The Audit Committee may also meet with the Company’s
investment bankers or other financial advisors who represent or advise the Company.
4.
Audit Committee Authority and Responsibilities
The Audit Committee shall have the sole authority to appoint or replace the
independent auditor (subject, if applicable, to shareholder ratification).
The Audit
Committee shall be directly responsible for the compensation and oversight of the work of
the independent auditor (including resolutions of disagreements between management and
the independent auditor regarding financial reporting) for the purpose of preparing or
issuing an audit report or related work.
The independent auditor shall report directly to the
Audit Committee.
The Audit Committee shall pre-approve all auditing and audit-related services,
internal control-related services and permitted non-audit services (including the terms and
fee arrangements thereof) to be performed for the Company by the independent auditor,
subject to any de minimus exceptions for non-audit services described in the Exchange Act
which are approved by the Audit Committee prior to the completion of the audit.
The
Audit Committee may form and delegate authority to subcommittees consisting of one or
more members when appropriate, including the authority to grant pre-approvals of audit
and permitted non-audit services, provided that decisions of such subcommittee to grant
pre-approvals shall be presented to the full Audit Committee at its next scheduled meeting.
The Audit Committee shall have the authority, to the extent it deems necessary or
advisable, to retain independent legal, accounting or other consultants to advise the Audit
Committee.
The Company shall provide for appropriate funding, as determined by the
Audit Committee, for payment of compensation to the independent auditor for the purpose
of rendering or issuing audit and related reports and to any advisors employed by the Audit
Committee.
The Audit Committee shall report its activities to the Board of Directors in such
manner and at such times as the Audit Committee or the Board of Directors deems
appropriate.
The Audit Committee shall review and reassess the adequacy of this Charter
annually and recommend any proposed changes to the Board of Directors for approval.

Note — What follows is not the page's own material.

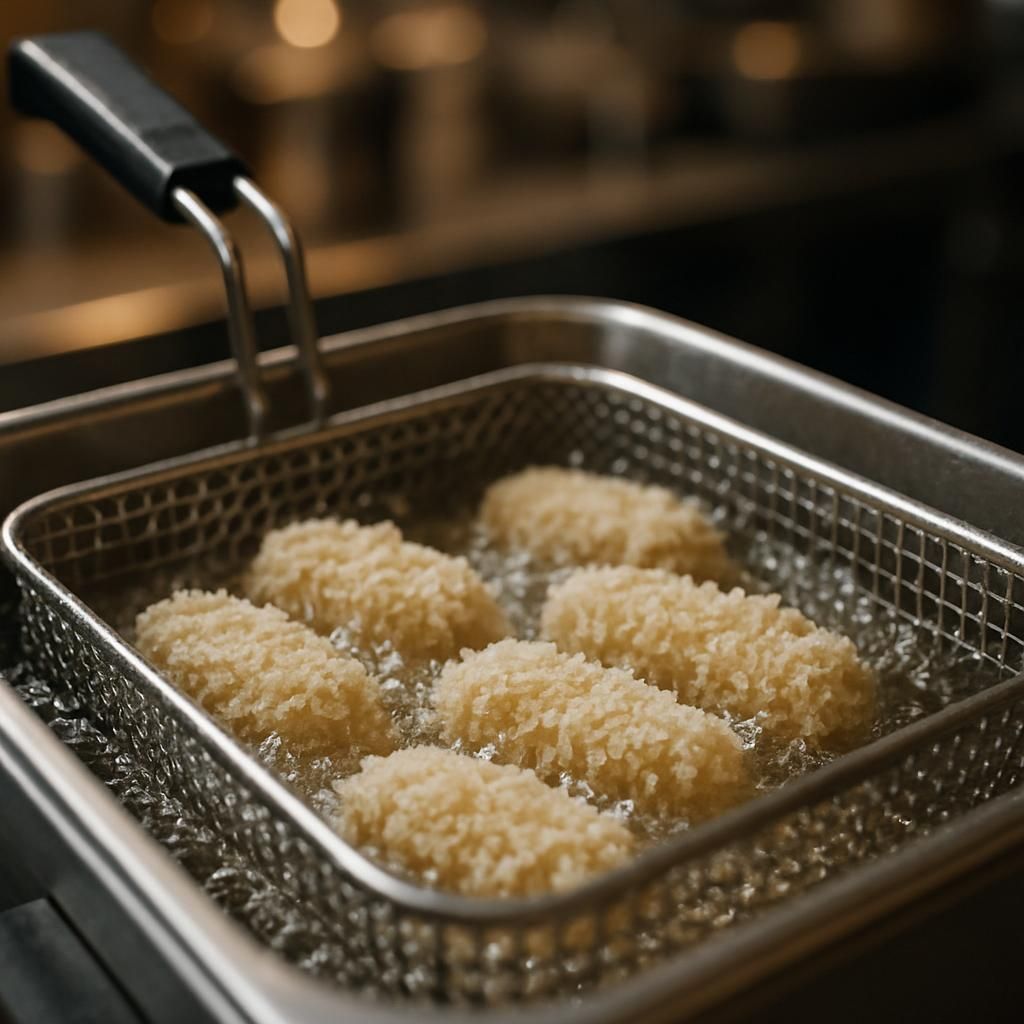 découvrez quel ustensile de cuisson - friteuse classique, airfryer ou poêle - est le plus adapté pour obtenir une chapelure panko croustillante et savoureuse.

The Audit Committee shall annually review the Audit Committee’s own performance, or
shall cooperate with the Nominating and Corporate Governance Committee in conducting
such review.
The Audit Committee, to the extent it deems necessary or advisable, shall:
Financial Statement and Disclosure Matters
(a) Review and discuss with management and the independent auditor the
annual audited financial statements, including disclosures made in management’s
discussion and analysis, and make a recommendation as to whether the audited
financial statements should be included in the Company’s Form 10-K.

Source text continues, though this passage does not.